Abstract
Biological functions of macromolecules are regulated by their three-dimensional structures and dynamic
behaviors. Cryo-electron microscopy (cryo-EM) is increasingly gaining attention for determining novel
static structures with large molecular sizes and complex structural assemblies. However, investigating the
dynamic behaviors of these structures on free-energy landscapes is substantially difficult. Herein, we developed
a deep-learning-based method, PaStEL with cryoTWIN, to uncover thermodynamic behaviors recorded
in cryo-EM data. CryoTWIN trained with cryo-EM particle images builds an isometric latent space for a
conformational space of the free-energy landscape, allowing PaStEL to generate the energy-based conformational
transition pathways among the heterogeneous structural states. The theoretical discoveries and the
simulation-based experiments guaranteed our approach.
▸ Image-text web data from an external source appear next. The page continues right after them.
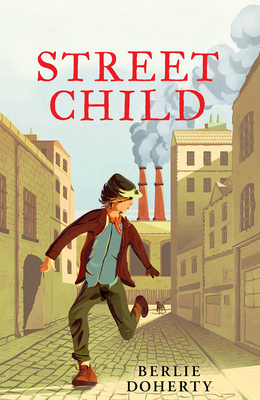 Street Child (HarperCollins Children’s Modern C... 0007311257 Book Cover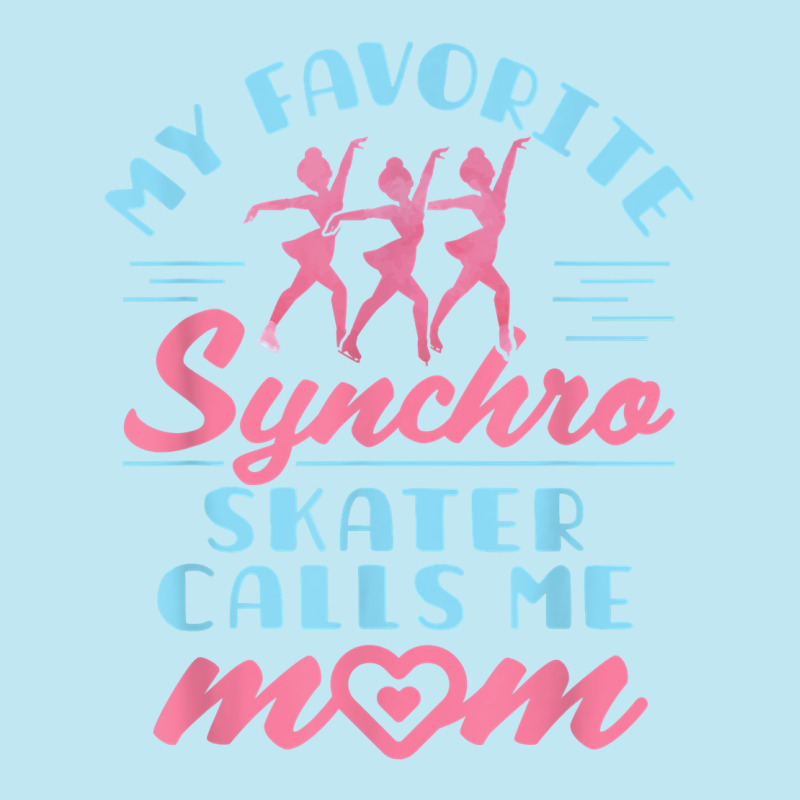 Synchronized Skating Mom Favorite Synchro Figure Skater T Shirt Urban Pullover Hoodie by ayedencoplon | Artistshot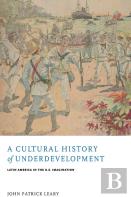 A Cultural History Of Underdevelopment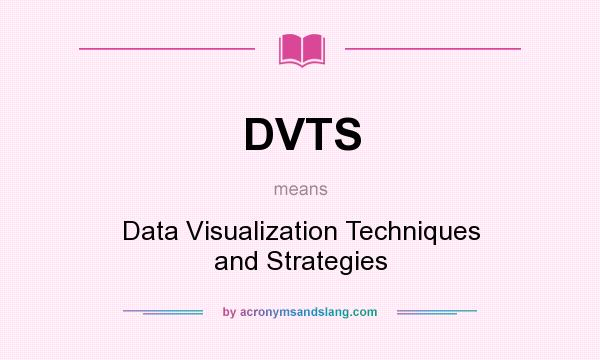 What does DVTS mean? It stands for Data Visualization Techniques and Strategies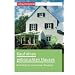 Kauf eines gebrauchten Hauses: Besichtigung, Kaufvertrag, �bergabe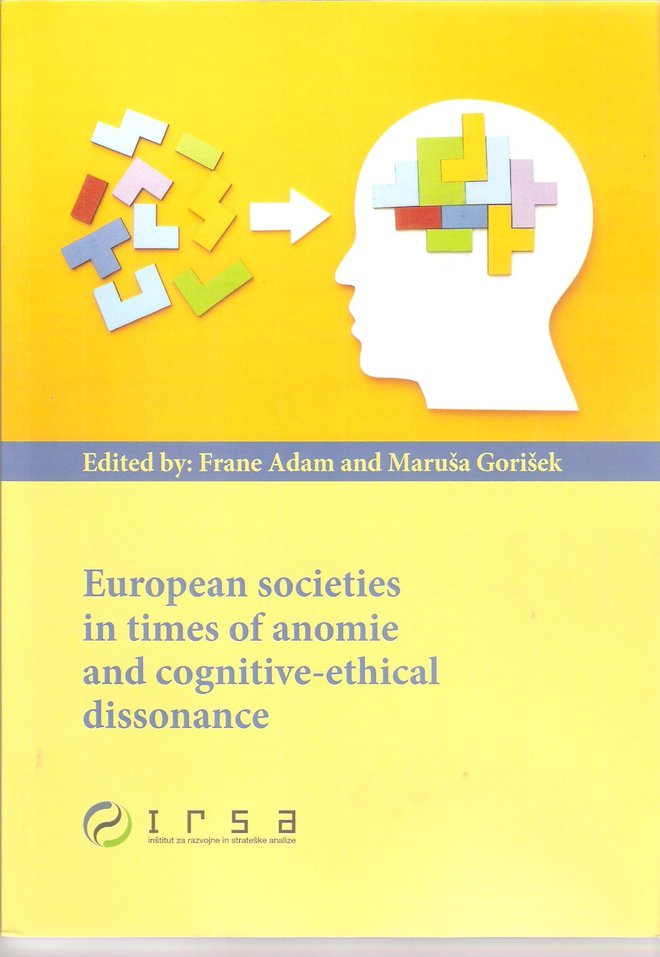 F. Adam, M. Gorišek (ed.): Evropske družbe v času anomije in kognitivno-etične disonance, IRSA Ljubljana, 2024 

FOTO: Irsa

 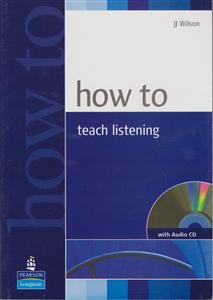 How To Teach Listening+CDهاتو تیچ لیسنینگ
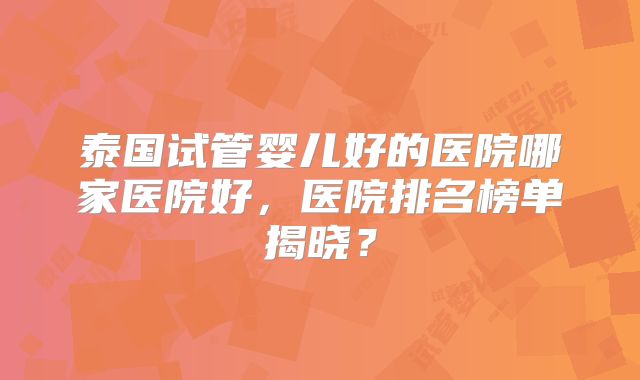 泰国试管婴儿好的医院哪家医院好，医院排名榜单揭晓？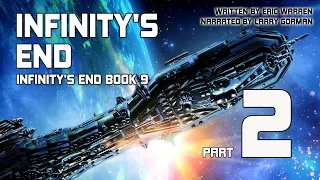 Infinity’s End, Infinity's End Book 9, Part 2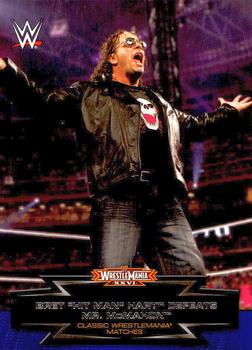 #26 Bret "Hit Man" Hart Defeats Mr. McMahon - 2015 Topps WWE Road to Wrestlemania - Classic WrestleMania Matches Wrestling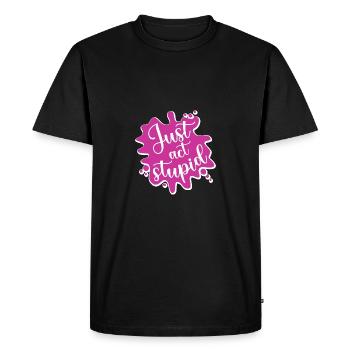 Il suffit d’agir stupidement - T-shirt Premium bio Homme - noir - Devant - Nico (187cm)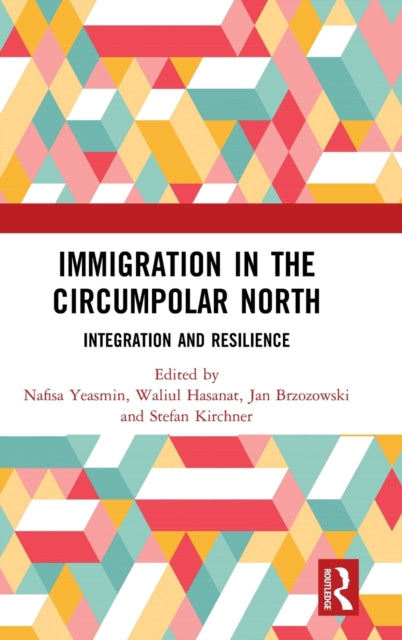Book cover of: Immigration in the Circumpolar North. By: Nafisa Yeasmin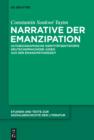 Image for Narrative der Emanzipation: Autobiographische Identitèatsentwèurfe deutschsprachiger Juden aus der Emanzipationszeit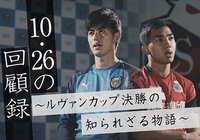 あのピッチでは一体何が起こっていたのか?「10.26の回顧録~ルヴァンカップ決勝の知られざる物語~」本編を公開!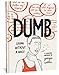 Dumb: Living Without a Voice by Georgia Webber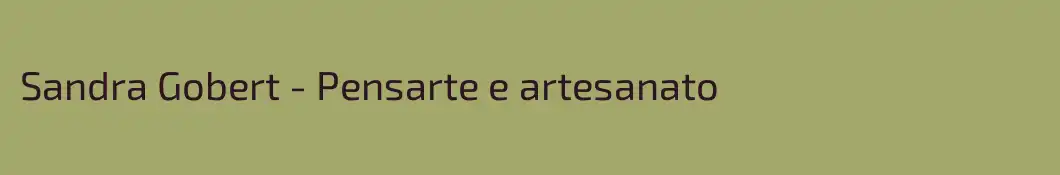 Sandra Gobert - Pensarte e artesanato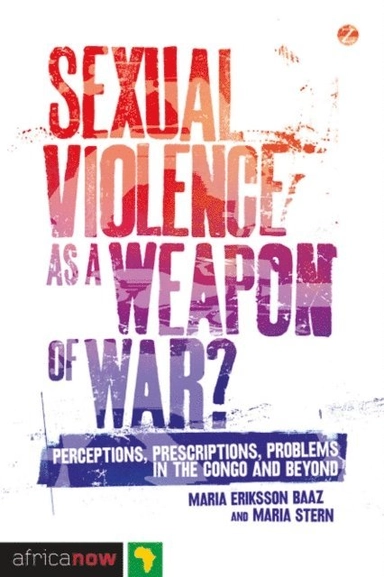 Sexual violence as a weapon of war?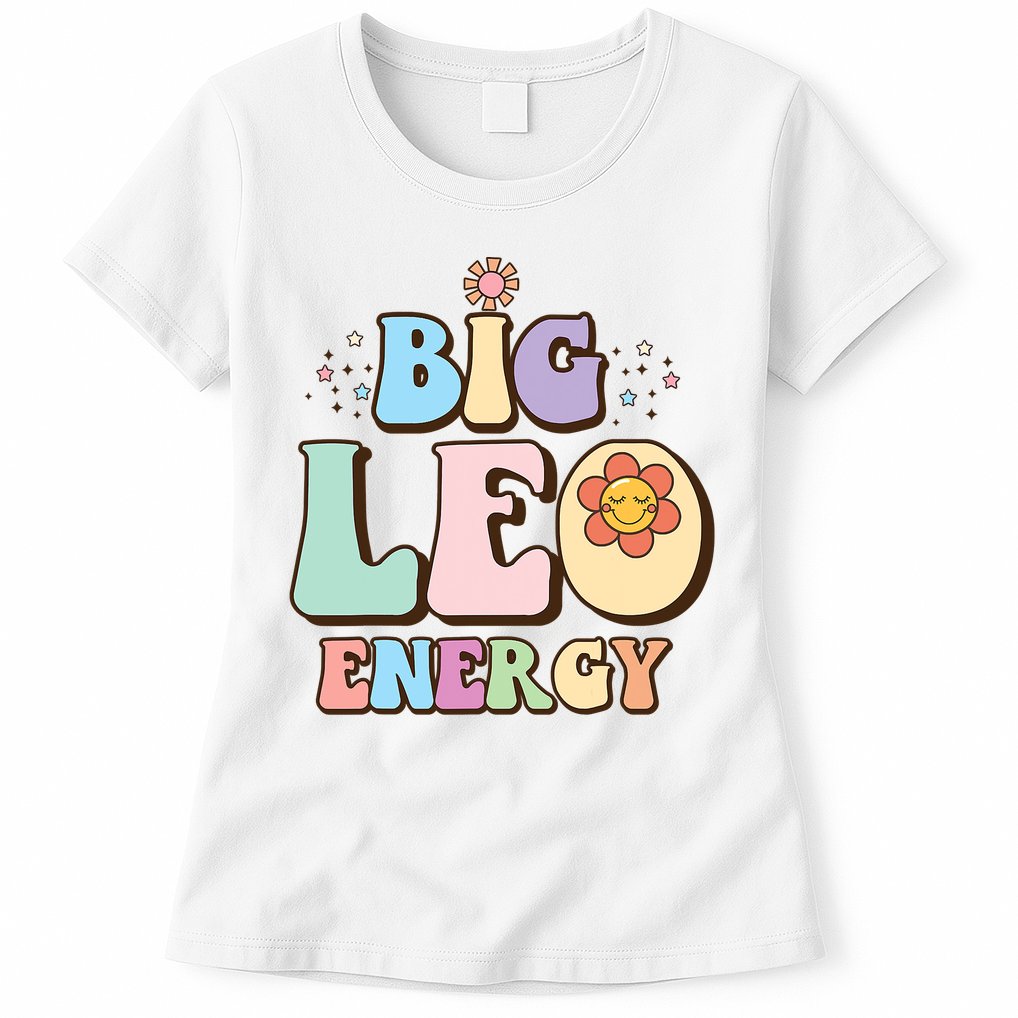 Big Leo Energy Sign Astrology Zodiac Sign July August Birthday Womens T-Shirt
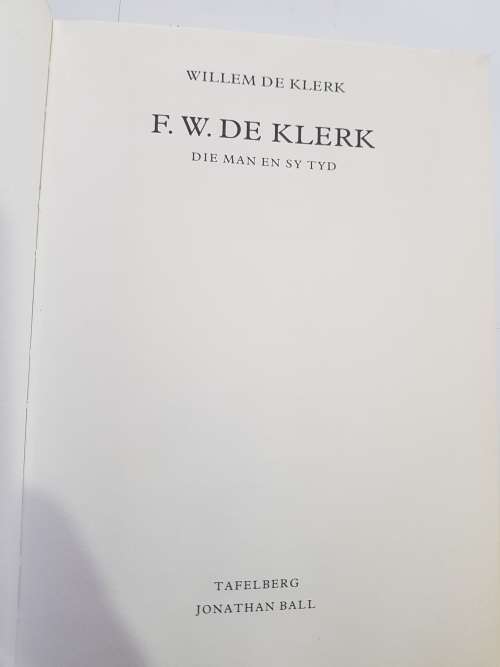 F.W. De Klerk, Die Man en sy Tyd by Willem De Klerk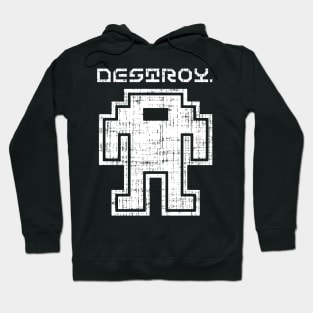 Destroy I Hoodie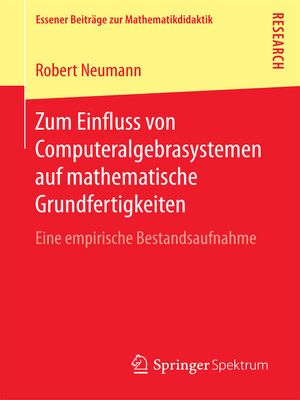 cover image of Zum Einfluss von Computeralgebrasystemen auf mathematische Grundfertigkeiten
Furthermore, using experimental data, parallel assembly
pathways in 50S-ribosome and the thermodynamic basis of the enhanced infectivity of SARS-CoV-2
spike protein were elucidated without prior biological knowledge, thereby highlighting the impact of our
method in structural biology researches. Thus, PaStEL with cryoTWIN had a potential to advance biological
foundation by depicting whole pictures of the dynamic behaviors.